The rain dried up, the clouds parted and the gods of music smiled as the first notes sounded for WOMAD 2016.
And those opening notes were familiar ones - the strum of an acoustic guitar and the singing in te reo of Te Kapa Haka O Te Whānau a Apanui.
When I saw visiting musicians from Senegal and France rushing to get out their mobile cameras and capture the performance I was reminded that what is familiar to citizens of one country will seem wildly exotic to others.
Wildly exotic was certainly my impression of DakhaBrakha, a Ukranian quartet whose three female members wear improbably tall black hats that appear to have been designed for an eternal winter, and sing in high keening sopranos while beating a variety of drums as the sole male of the group pumps an accordion.
Oddly familiar were the quartet Songhoy Blues, a young, high-energy band from Mali whose electrified music, based on ancient griot traditions, sounded something like ZZ Top might if you played their music backwards.

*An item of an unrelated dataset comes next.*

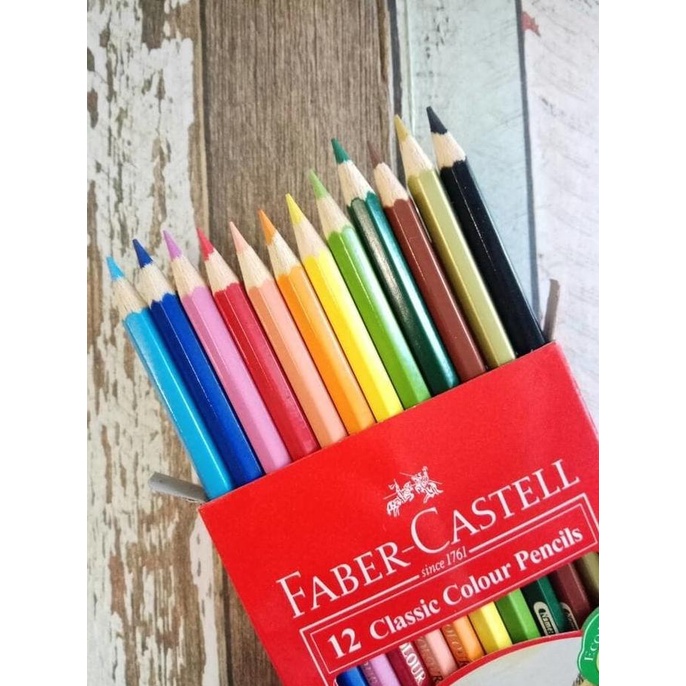 

Pensil Warna Faber Castell 12 Warna Panjang Classic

As the sun went down, French electronicist St. Germain was joined on the huge Bowl stage by Senegalese and Malian musicians to entertain a packed hillside.
Meanwhile on the small Dell stage, the virtuosic Asia Minor Trio prepared for an intimate performance of Macedonian mountain music.
The festival had been going for just two hours, with roughly 28 more hours of scheduled music to go.